TRY IT:
Only one stretch of the listing below is wanted. Begin at the line that has "Page 1 de la", stop after the line that has "Funeral Remembrance Card", and repeat every line in between exactly.

# # # # #

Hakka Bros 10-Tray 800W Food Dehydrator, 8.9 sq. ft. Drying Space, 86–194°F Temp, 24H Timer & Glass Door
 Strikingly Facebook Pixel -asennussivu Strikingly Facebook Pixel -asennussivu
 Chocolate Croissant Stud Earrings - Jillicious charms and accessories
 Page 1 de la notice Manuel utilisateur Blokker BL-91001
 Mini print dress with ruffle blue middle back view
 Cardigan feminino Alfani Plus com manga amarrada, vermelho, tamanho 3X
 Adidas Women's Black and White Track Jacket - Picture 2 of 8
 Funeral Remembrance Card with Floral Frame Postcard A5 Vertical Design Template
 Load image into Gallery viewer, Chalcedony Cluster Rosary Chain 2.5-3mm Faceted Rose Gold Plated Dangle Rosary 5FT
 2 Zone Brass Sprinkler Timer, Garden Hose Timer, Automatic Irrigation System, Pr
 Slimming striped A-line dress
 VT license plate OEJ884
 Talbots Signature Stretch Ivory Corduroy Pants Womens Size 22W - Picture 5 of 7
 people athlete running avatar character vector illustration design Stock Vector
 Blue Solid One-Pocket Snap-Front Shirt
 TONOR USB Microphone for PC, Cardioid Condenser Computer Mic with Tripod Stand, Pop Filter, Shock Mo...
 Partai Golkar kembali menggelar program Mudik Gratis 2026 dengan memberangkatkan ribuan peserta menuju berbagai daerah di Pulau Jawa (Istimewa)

# # # # #

ANSWER SECTION:
 Page 1 de la notice Manuel utilisateur Blokker BL-91001
 Mini print dress with ruffle blue middle back view
 Cardigan feminino Alfani Plus com manga amarrada, vermelho, tamanho 3X
 Adidas Women's Black and White Track Jacket - Picture 2 of 8
 Funeral Remembrance Card with Floral Frame Postcard A5 Vertical Design Template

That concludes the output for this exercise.